▶ [EXERCISE]
Each line of the data below from the one holding "A pair of large blue stone drop earrings." to the one holding "Gaya Pep Guardiola", inclusive, is to be reproduced exactly; no other line belongs in the answer.

▶ [INPUT]
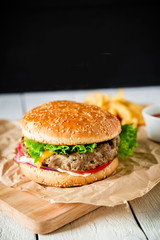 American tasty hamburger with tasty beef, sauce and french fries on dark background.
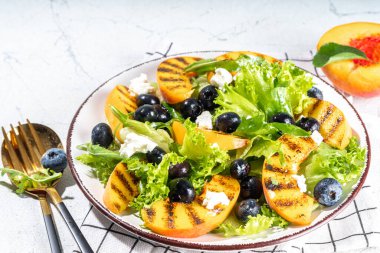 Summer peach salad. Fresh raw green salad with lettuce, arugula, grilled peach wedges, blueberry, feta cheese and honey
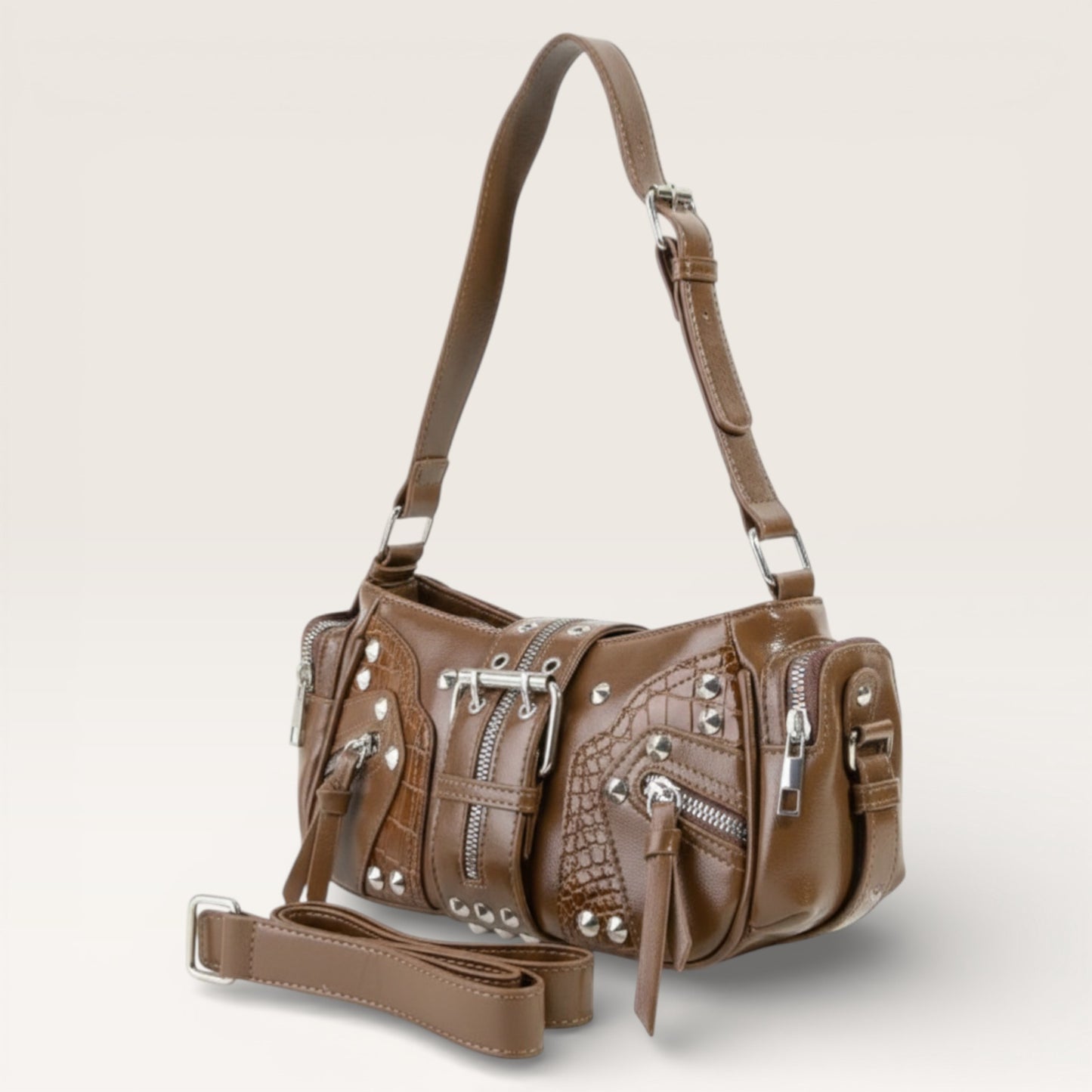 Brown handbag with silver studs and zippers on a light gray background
...
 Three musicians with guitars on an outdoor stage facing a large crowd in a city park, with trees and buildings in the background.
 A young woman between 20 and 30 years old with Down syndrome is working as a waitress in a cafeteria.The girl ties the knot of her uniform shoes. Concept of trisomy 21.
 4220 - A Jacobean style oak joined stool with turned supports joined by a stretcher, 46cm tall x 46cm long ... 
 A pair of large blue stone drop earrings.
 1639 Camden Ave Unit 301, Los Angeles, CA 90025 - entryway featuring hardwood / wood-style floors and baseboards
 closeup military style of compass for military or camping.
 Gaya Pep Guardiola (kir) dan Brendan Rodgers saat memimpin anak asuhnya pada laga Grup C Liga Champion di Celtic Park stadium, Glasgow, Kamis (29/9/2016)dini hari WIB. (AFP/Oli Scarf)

▶ [WRITTEN ANSWER]
 A pair of large blue stone drop earrings.
 1639 Camden Ave Unit 301, Los Angeles, CA 90025 - entryway featuring hardwood / wood-style floors and baseboards
 closeup military style of compass for military or camping.
 Gaya Pep Guardiola (kir) dan Brendan Rodgers saat memimpin anak asuhnya pada laga Grup C Liga Champion di Celtic Park stadium, Glasgow, Kamis (29/9/2016)dini hari WIB. (AFP/Oli Scarf)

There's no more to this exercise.